虽无燕雀之惊月,却有清香压九惊——记我的姥姥
在我的印象里,姥姥永远是一个瘦瘦的、穿着蓝色粗布衣服、踩着一对金莲、走路轻快的小老太太。
姥姥不识字,连自己的名字都不认识。然而她一直要求我们好好学习,对我监督很到位 。记得每次村里放电影,我在家里总是坐不住了。姥姥说,你写你的,写完了咱们再去。人多我们可以去幕后面去看。姥姥坐在炕沿,纳着她的鞋底子,我则在昏暗的油灯下写作业。直到写完,我和姥姥提着小板凳去了。每次老师检查作业,我都没有因此被罚站或挨打。
姥姥头痛犯了,躺在炕上不能起来。我心里茫然,我该怎么办?我父亲在很远的香河做教师,妈妈在老家。怎么办?临近中午,姥姥强打精神起来,把小米投干净,烧了一锅开水,把小米放进去,小米熟了没有爆花,捞了放进冷水。姥姥把小米饭盛进粗碗里,放点葱花和酱,无奈地说:孩子,这叫冷饭,今天就吃它吧。吃完饭,姥姥又上炕休息去了。

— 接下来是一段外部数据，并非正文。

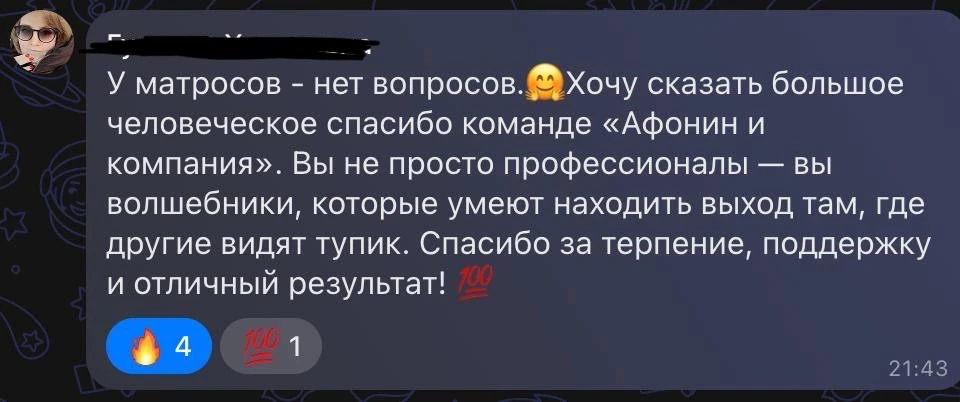 🔥 Ответы на вопросы про законное списание кредитов и долгов  ☝🏼Делюсь с вами записью прямой трансляц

我对文学的渴望从小学就开始了。那时有一个很有名的杂志叫《儿童文学》。我班有个家境富裕的男同学订了。每次和他借,他很不情愿。我就和姥姥说订这本杂志。姥姥说家里困难,不让订。实在拗不过我,姥姥把我父亲给她的所有的钱扔在炕上,狠狠地说:你看你爸给了我们就这点钱,吃饭还不够,买什么书?看着炕上皱巴巴的五块钱,我哭了,为什么我们那么穷?
看我哭,姥姥心软了:别哭,别哭,我给你订。以后放羊去,等 羊下了小羊卖了就有钱了。于是每天放学、放假,我就成了小羊倌。
我就在姥姥身边度过了我的苦乐年华,虽然很苦,但是我觉得很值得,因为苦你才知道什么叫快乐,你才知道去珍惜,而且我体会到什么叫相依为命。
后来父亲把姥姥留在身边养老,每次去看他们,我一进门就去姥姥房间,送上好吃的水果和糕点。父亲很满意,他说:如果你对你爸妈不好我们不会说什么,对你姥姥不好,我们可不答应。那时姥姥已经患有老年痴呆症,她总是不说话,只是笑,摸摸我的脸脸,拍拍我的肩膀。等我有了爱儿,她则摸着宝贝的头,看着他咯咯地笑,时时用衣袖抹着高兴的泪。
姥姥离开我们已经十一年了,然而我们全家都还在怀念她。我时时梦见她,她总是对我微笑,好像久别重逢一样。醒来时,泪已湿了枕畔。